YOUR ASSIGNMENT – Extract, word for word, each line from the line holding "Full Cover Inner" through the end of the records. Omit every picture.

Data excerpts
==============================
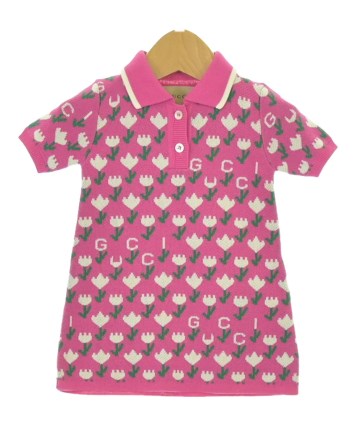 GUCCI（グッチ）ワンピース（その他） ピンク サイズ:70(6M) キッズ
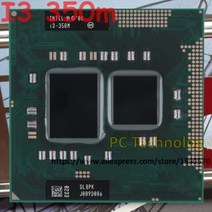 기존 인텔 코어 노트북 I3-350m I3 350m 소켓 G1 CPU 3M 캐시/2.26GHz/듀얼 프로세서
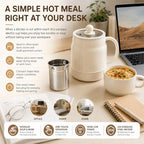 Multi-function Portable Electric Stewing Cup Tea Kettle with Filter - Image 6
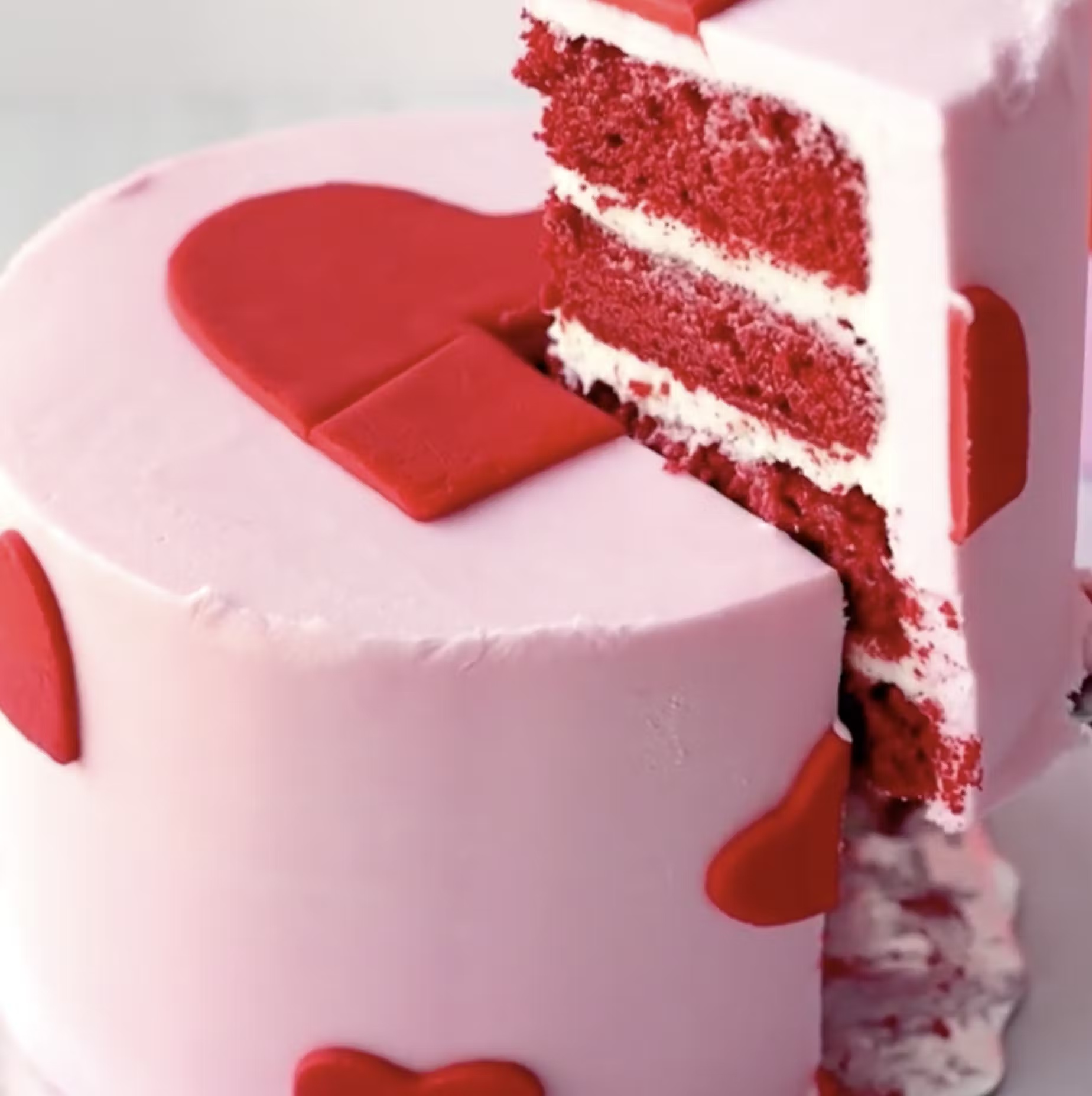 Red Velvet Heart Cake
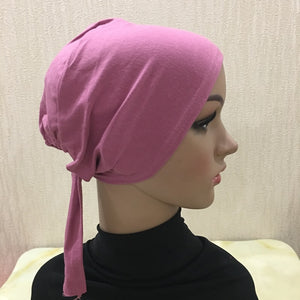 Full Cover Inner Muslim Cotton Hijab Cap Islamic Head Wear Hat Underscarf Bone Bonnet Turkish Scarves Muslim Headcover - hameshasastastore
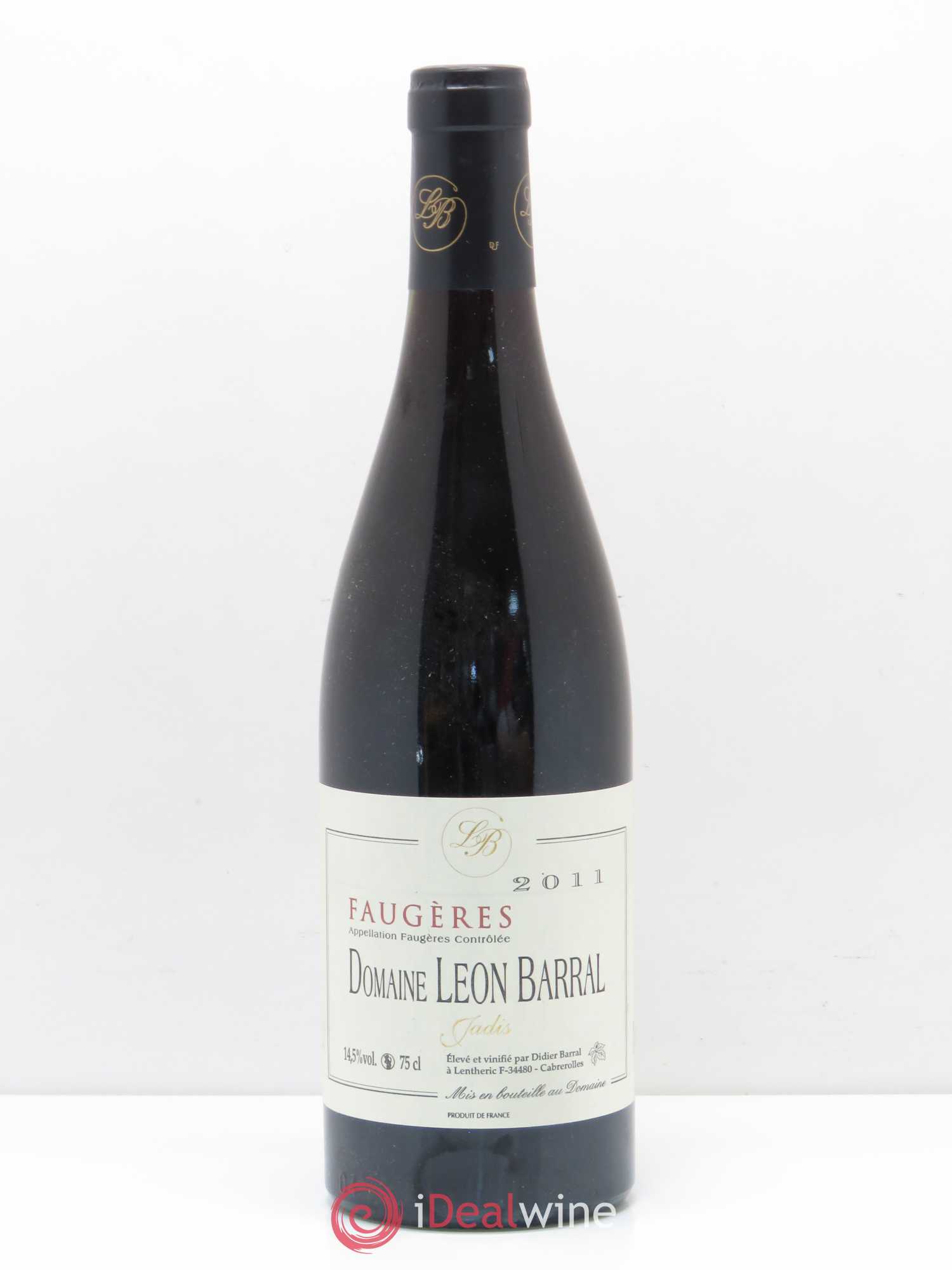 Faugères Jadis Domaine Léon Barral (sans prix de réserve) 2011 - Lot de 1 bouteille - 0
==============================
SOLVED EXERCISE –
 Full Cover Inner Muslim Cotton Hijab Cap Islamic Head Wear Hat Underscarf Bone Bonnet Turkish Scarves Muslim Headcover - hameshasastastore
 Faugères Jadis Domaine Léon Barral (sans prix de réserve) 2011 - Lot de 1 bouteille - 0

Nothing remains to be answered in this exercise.